As of the Effective Time, each of the Company's executive officers as of immediately prior to the Effective Time ceased to be officers of the Company, and the officers of Merger Sub became the officers of the Company.

Item 5.03 Amendments to Articles of Incorporation or Bylaws; Change in Fiscal Year.

Pursuant to the Merger Agreement, effective as of the Effective Time, the certificate of incorporation and the bylaws of the Company were amended and restated in their entirety to be in the form of the certificate of incorporation and bylaws of Merger Sub in effect as of immediately prior to the Effective Time, subject to certain changes as set forth in the Merger Agreement.
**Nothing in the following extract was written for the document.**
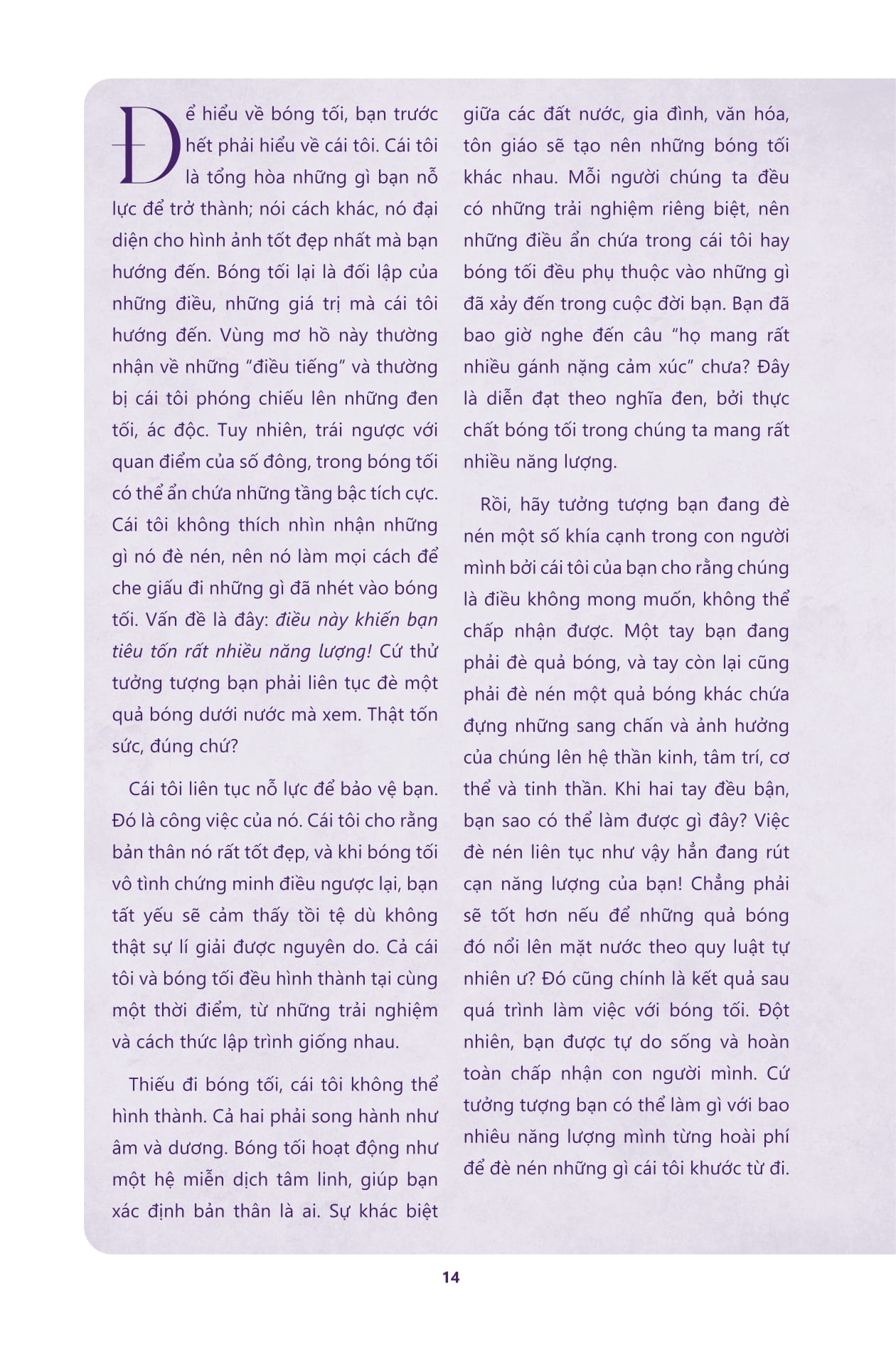 shadow work - sách hướng dẫn giải mã bản ngã ẩn giấu và cân bằng năng lượng - Ảnh 12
Copies of the amended and restated certificate of incorporation and amended and restated bylaws are filed as Exhibits 3.1 and 3.2, respectively, to this Current Report on Form 8-K and are incorporated herein by reference.

Item 9.01 Financial Statements and Exhibits.



(d) Exhibits.



Exhibit
Number                                    Description

2.1*           Agreement and Plan of Merger, dated as of July 12, 2020, by and
             among Maxim Integrated Products, Inc., Analog Devices, Inc. and
             Magneto Corp (incorporated by reference to Exhibit 2.1 of the
             Company's Current Report on Form 8-K filed with the SEC on July 13,
             2020).

3.1            Amended and Restated Certificate of Incorporation of Maxim
             Integrated Products, Inc.

3.2            Amended and Restated Bylaws of Maxim Integrated Products, Inc.

104          Cover Page Interactive Data File (embedded within the Inline XBRL
             document)



* Schedules have been omitted pursuant to Item 601(a)(5) of Regulation S-K. Maxim

Integrated Products, Inc. hereby undertakes to furnish supplementally a copy of

any omitted schedule upon request by the SEC.